Friedrich Hecker wurde durch den unglücklichen Ausgang der ersten Schilderhebung in Baden und noch mehr durch die schändlichen Verleumdungen, welche die Reaction über ihn ergoß, auf’s Tiefste erschüttert. Er verlor den Glauben an die Sache der Freiheit, und der Gedanke der Auswanderung nach Amerika, welcher ihm schon früher nicht fremd gewesen war, setzte sich in seiner Seele immer fester. Vergebens bekämpften viele Gesinnungsgenossen denselben. Auch mir gelang es nicht, den Freund und Kampfgefährten in Deutschland zurückzuhalten. Er fuhr über den Ocean, doch nur um nach Europa zurückzukehren, nachdem im Mai das badische Volk sich neuerdings erhoben hatte, leider kam er zu spät, um an dem Freiheitskampfe Theil nehmen zu können. Seine Rückkehr bewies aber deutlich, daß die Sache der Freiheit jederzeit auf ihn rechnen könne.

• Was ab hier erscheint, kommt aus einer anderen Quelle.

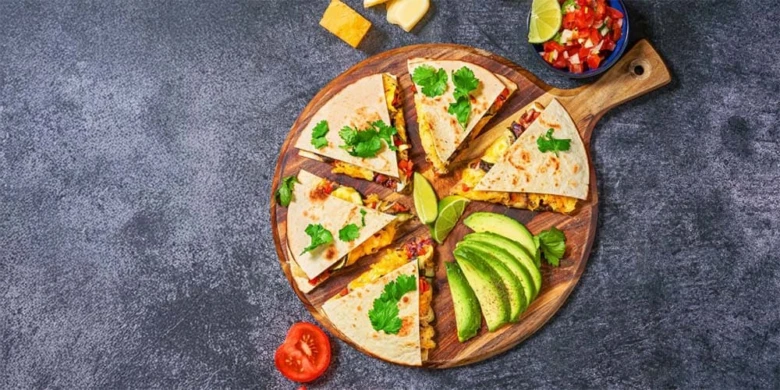 Složené quesadilly s avokádem a rajčatovou omáčkou na dřevěném podnosu.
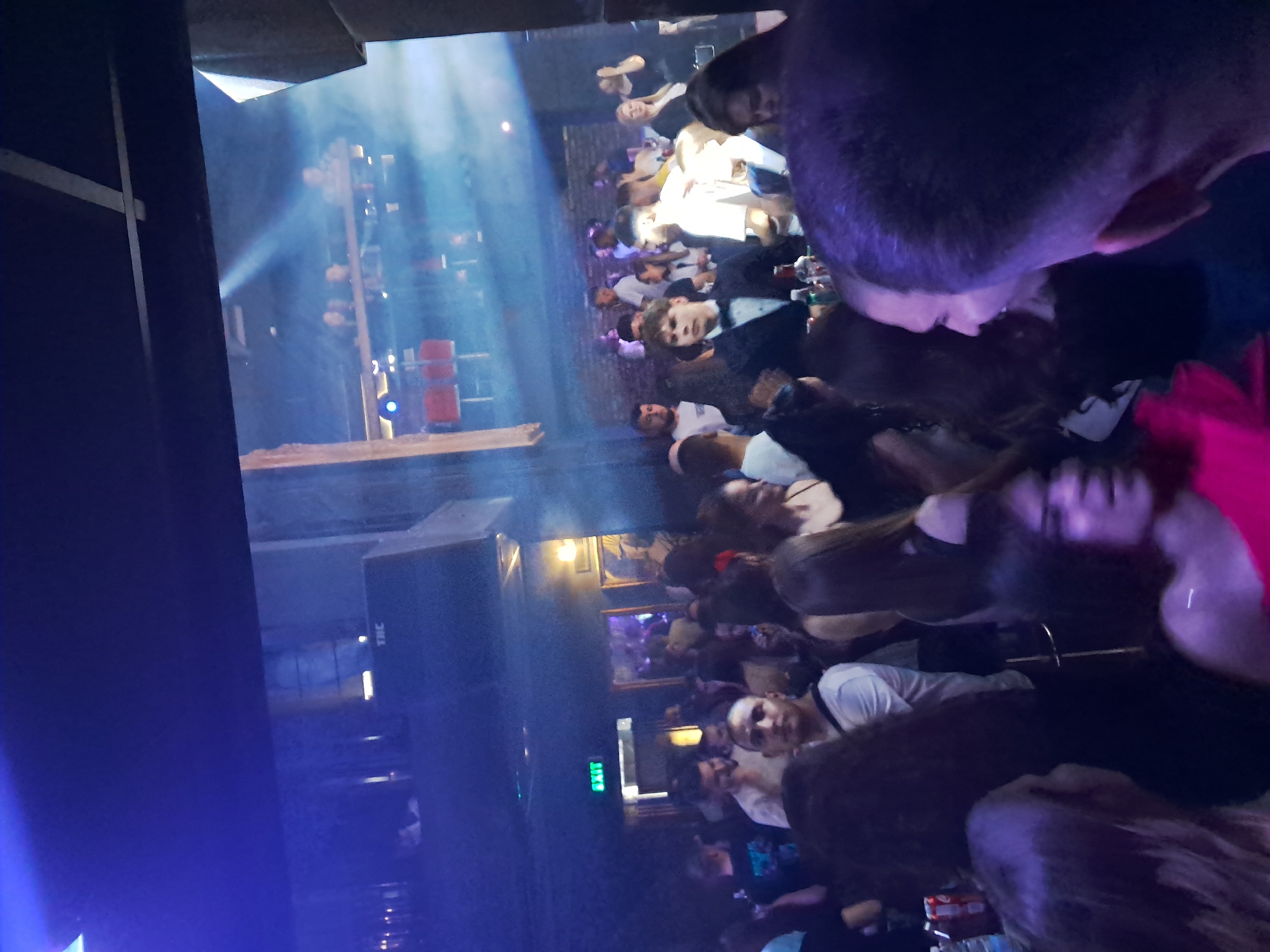 The image captures a crowded indoor social event, likely a club night or party, illuminated by atmospheric blue and purple lighting. The scene suggests it is nighttime in a venue located in Veliko Tarnovo, Bulgaria.
Numerous people, appearing to be young adults, are gathered throughout the space. Many are standing and socializing in groups, while others are seated at tables or bar areas. Several individuals are visible looking towards the camera, while others are engaged in conversation or observing their surroundings. Their expressions generally suggest engagement and enjoyment.
The environment features dim lighting with strong, distinct beams of light cutting through visible haze or smoke, contributing to a dynamic atmosphere. Visible elements include a wooden bar or railing, walls that appear to be brick, and framed pictures hanging on a back wall. Various drinks, including bottles and glasses, are seen on tables and surfaces. Large speakers or sound equipment are present on the left side of the frame.
A bright green, illuminated "EXIT" sign is clearly visible on a wall in the mid-ground on the left. The letters "THC" can also be faintly discerned on the side of a speaker or equipment. The overall impression is a lively social gathering taking place within a distinct club or event setting.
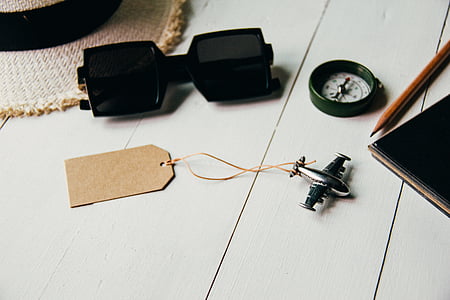 silver-colored airplane toy near the clock on gray panel thumbnail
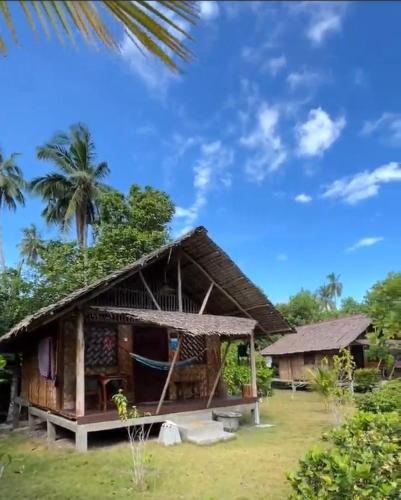 a small house with a thatched roof at Mutiara Beach Resort in Berakit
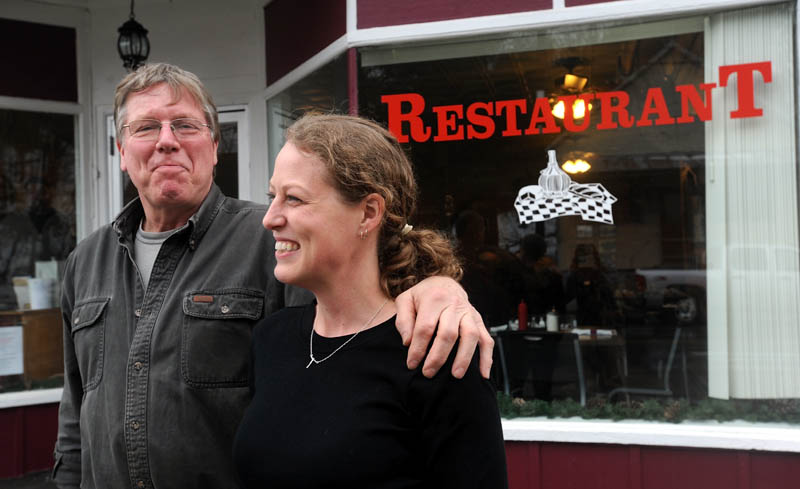 Jay Strickland and his daughter, Amber, pose for a portrait outside Thompson's Restaurant on Main Street in Bingham on Wednesday.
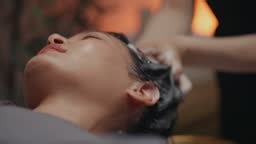 Woman relaxing during a luxurious hair wash and head spa session at a...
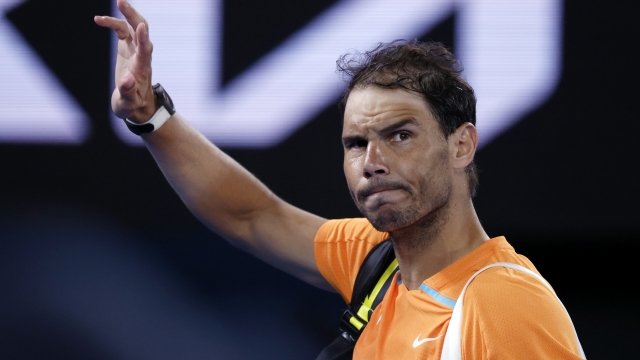Rafael Nadal of Spain waves as he leaves Rod Laver Arena following his second round loss to Mackenzie McDonald of the U.S. at the Australian Open tennis championship in Melbourne, Australia, Wednesday, Jan. 18, 2023. (AP Photo/Asanka Brendon Ratnayake)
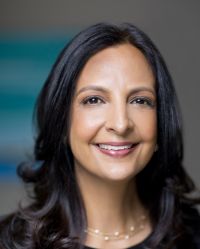 a woman smiling for a portrait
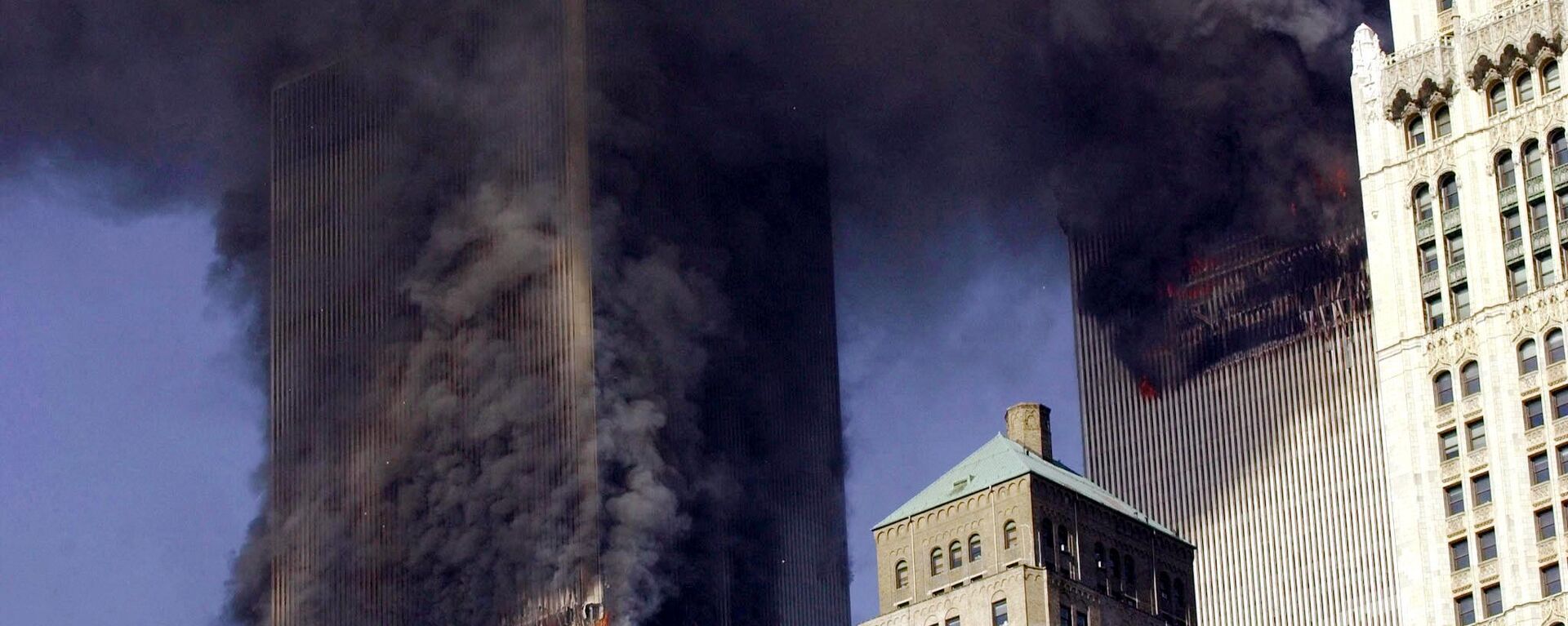  In this file photo smoke billows from the twin towers of the World Trade Center in lower Manhattan, New York on September 11, 2001.  - Sputnik International, 1920, 11.09.2023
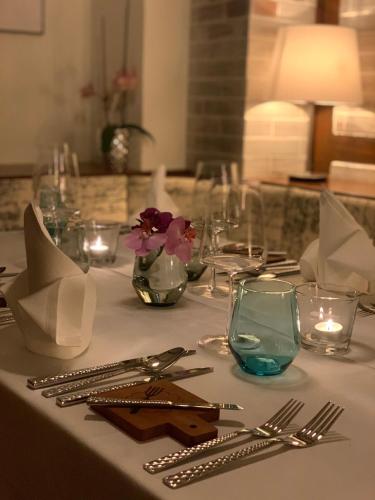 a table with a white table cloth with silverware at Gasthaus Neue Mühle in Westhausen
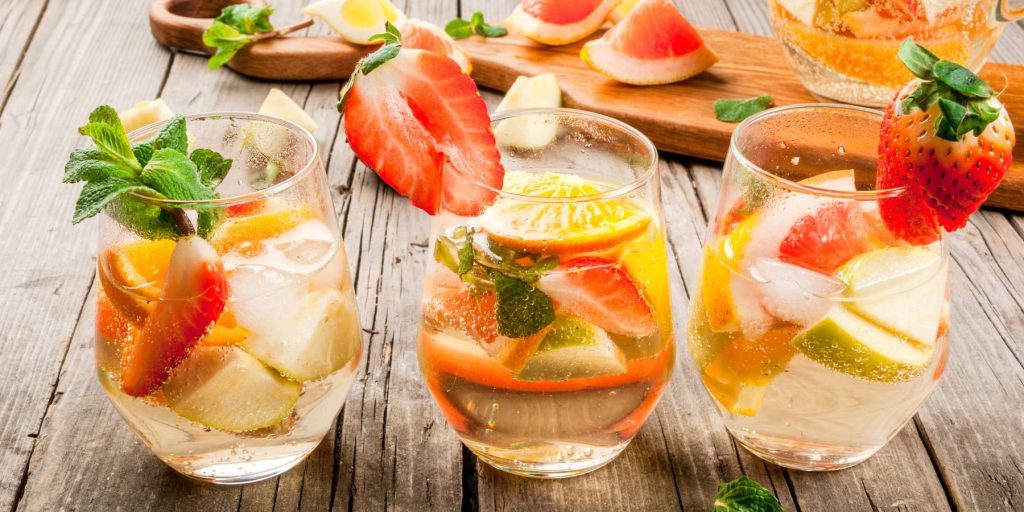 Close up of a trio of traditional White Sangria cocktails garnished with fresh fruit, against a rustic white wooden backdrop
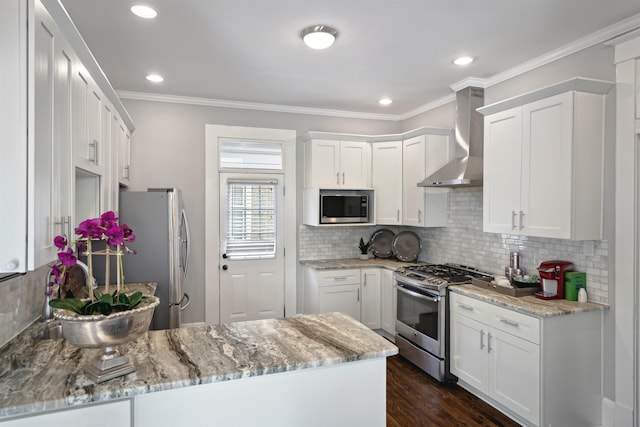 kitchen with tasteful backsplash, crown molding, wall chimney range hood, a peninsula, and stainless steel appliances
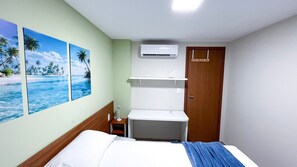 A hotel room with a bed, a nightstand, a wall-mounted air conditioner, and a door. - Max Carneiros Suites - Com e sem Piscina Privativa (Tamandaré)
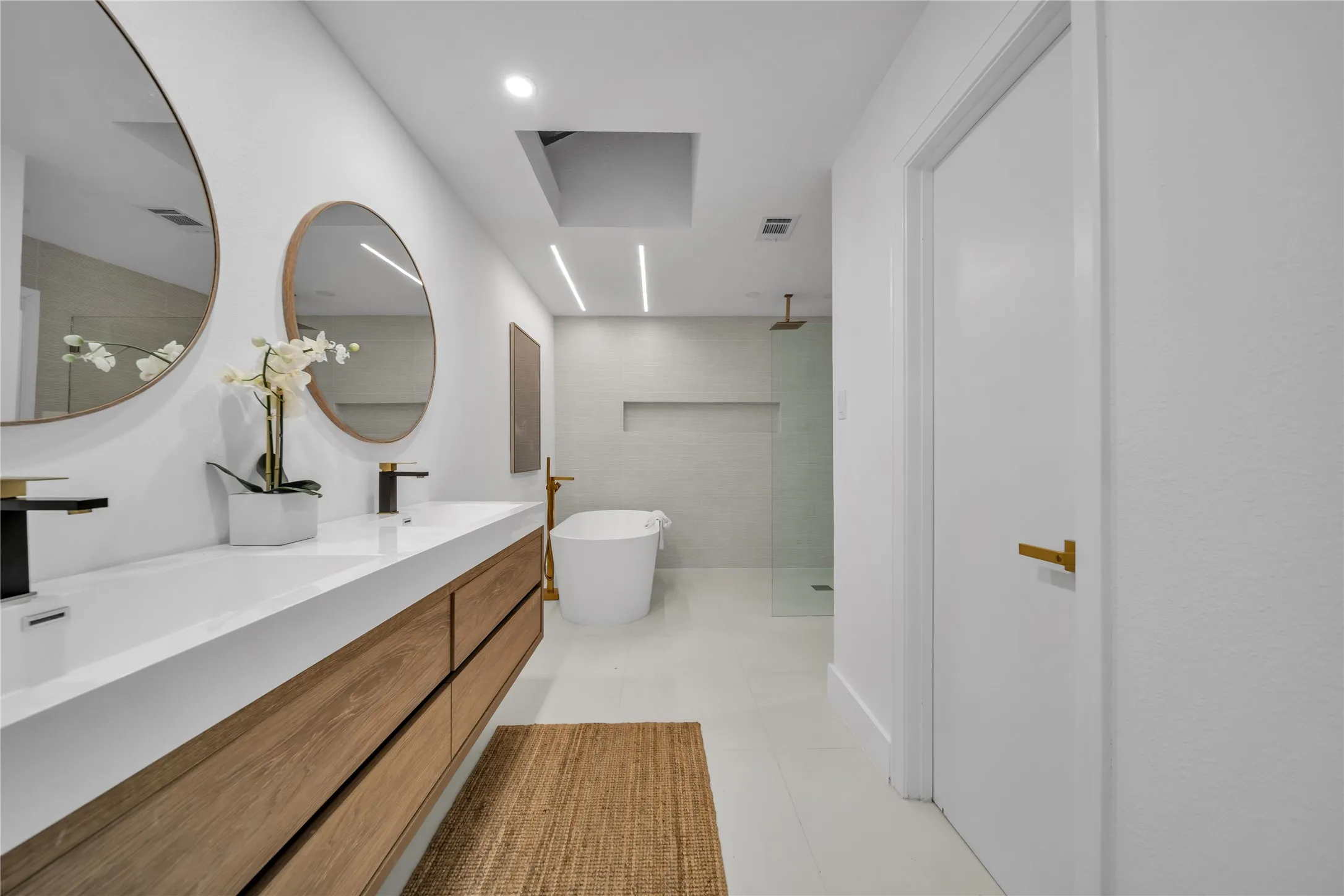 Full bathroom with a freestanding tub, a tile shower, and a sink
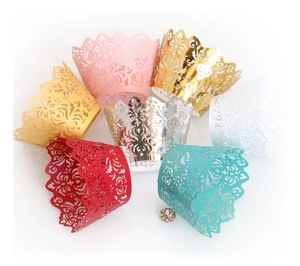 Intricate laser-cut cupcake wrappers in multiple metallic colors with vine patterns
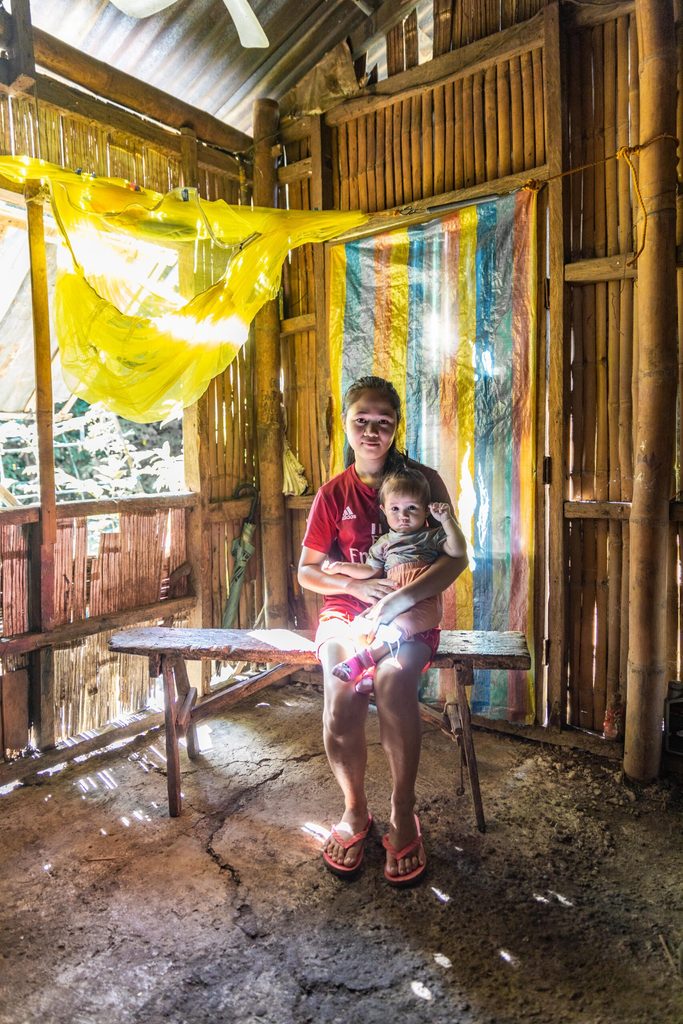 Gwyn and her daughter pictured in their house. Gwyn’s parents used to live with them, but after her dad passed away, her mother became an Overseas Filipino Worker (OFW) in Saudi 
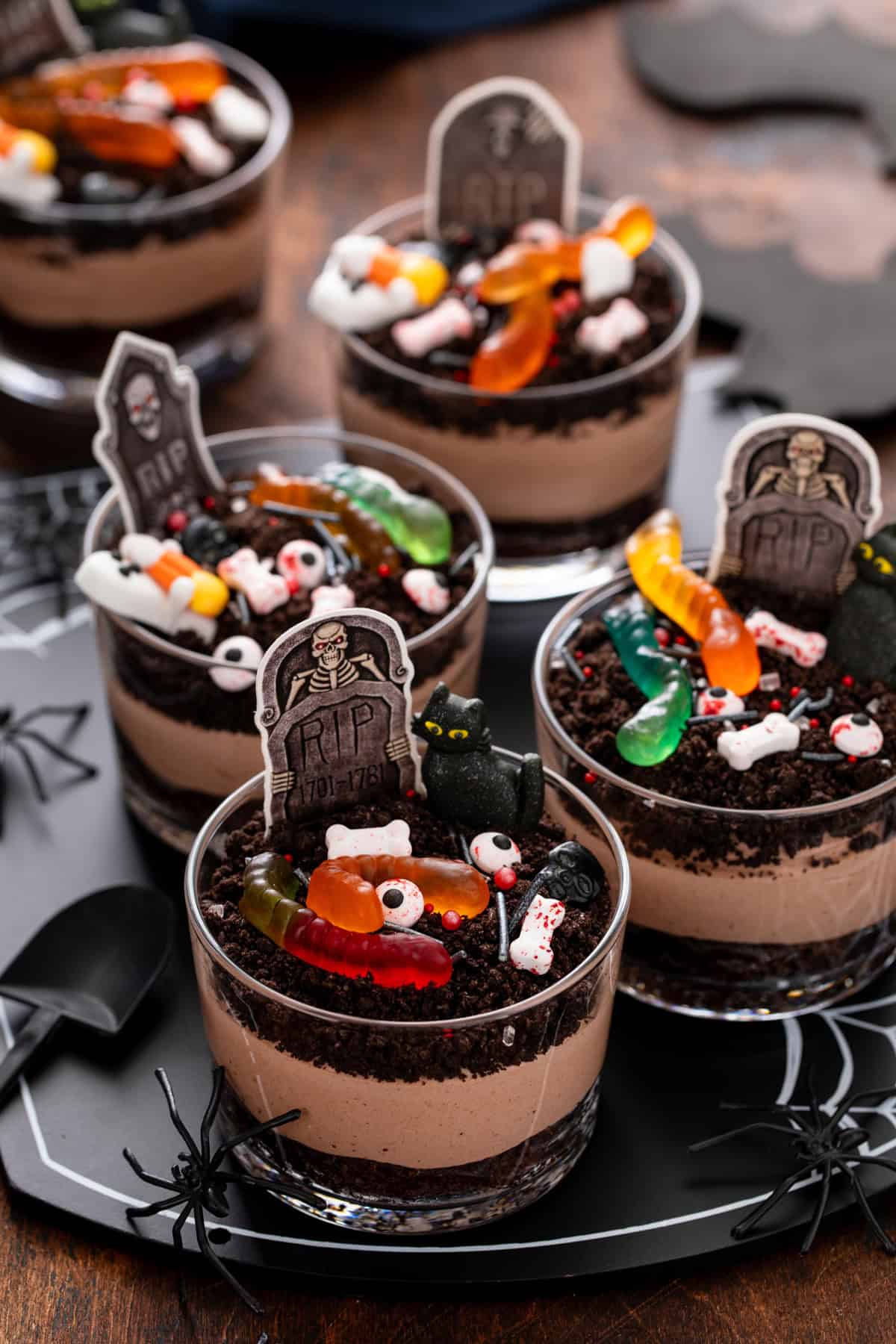 Several decorated brownie dirt puddings arranged on a Halloween themed platter.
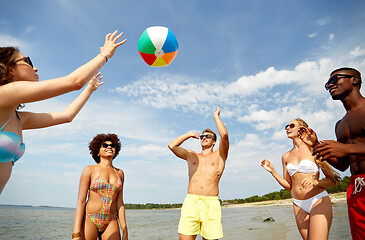 Image showing friends playing with beach ball in summer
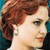 Pixelated close-up of a person with light skin and brown hair styled in a side-swept wave, wearing a white top against a teal background.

Das Nämliche hat auch Hecker's sechzehnjähriges Leben in den Vereinigten Staaten Amerikas bekundet. Jenseits, wie diesseits des Oceans war er immer einer der Ersten in den unblutigen und in den blutigen Kämpfen der Freiheit. In Amerika, wie früher in Europa, obgleich durch weite Strecken getrennt, standen wir immer auf derselben Seite. Ohne uns verabredet zu haben, wirkten wir im Jahre 1856 für die Wahl Fremont’s und gegen diejenige Buchanan’s, 1860 für die Wahl Lincoln’s. Zu derselben Zeit zog Hecker im Westen und ich im Osten aus, um mit dem Schwerte in der Hand für die Aufrechthaltung der Union und gegen die Herrschaft der Sclaverei zu kämpfen. Gleich nach seiner Ankunft in Amerika wandte sich Hecker dem Westen zu. Er ließ sich nieder soweit als möglich von den Gestaden des atlantischen Meeres, ohne in das Gebiet der Sclaverei eintreten zu müssen. An der Grenze des Sclavenstaates Missouri, doch im freien Staate Illinois, in der Grafschaft Saint Clair, zu Lebanon, erwarb er einen ansehnlichen Grundbesitz, mit dessen Anbau er sich beschäftigte.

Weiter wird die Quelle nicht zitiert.